How Is Alcohol Made: Fermentation and Distillation

Alcohol is made through fermentation, a natural process where yeast consumes sugar and converts it into ethanol and carbon dioxide. Every alcoholic beverage on earth, from beer to bourbon, starts with this same basic reaction. The differences between drinks come down to what sugar source you begin with, whether you stop at fermentation or continue to distillation, and how you treat the liquid afterward.

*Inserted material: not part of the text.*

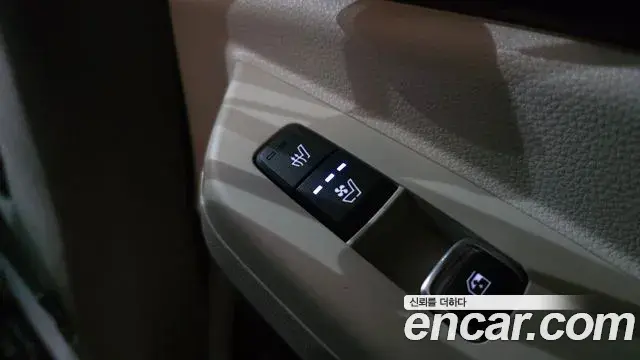 Kia Carnival 2023 — ფოტო 2/35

How Fermentation Turns Sugar Into Alcohol

Yeast cells, most commonly a species called Saccharomyces cerevisiae, eat simple sugars like glucose and produce two waste products: ethanol (the alcohol you drink) and carbon dioxide gas (the bubbles in beer and champagne). The chemistry happens in two steps inside the yeast cell. First, glucose is broken down into a smaller molecule, which releases a burst of CO2. Then the yeast converts what remains into ethanol.

This process has a built-in ceiling. As ethanol accumulates, it becomes toxic to the very yeast producing it. At around 5% alcohol concentration, yeast growth starts to slow significantly. Most standard brewing yeast strains top out between 8% and 12% alcohol by volume before they die off or go dormant. Specially bred strains can push toward 15% or even 18%, which is why some wines reach higher alcohol levels than beer. But fermentation alone rarely produces anything above 20%. To go higher, you need distillation.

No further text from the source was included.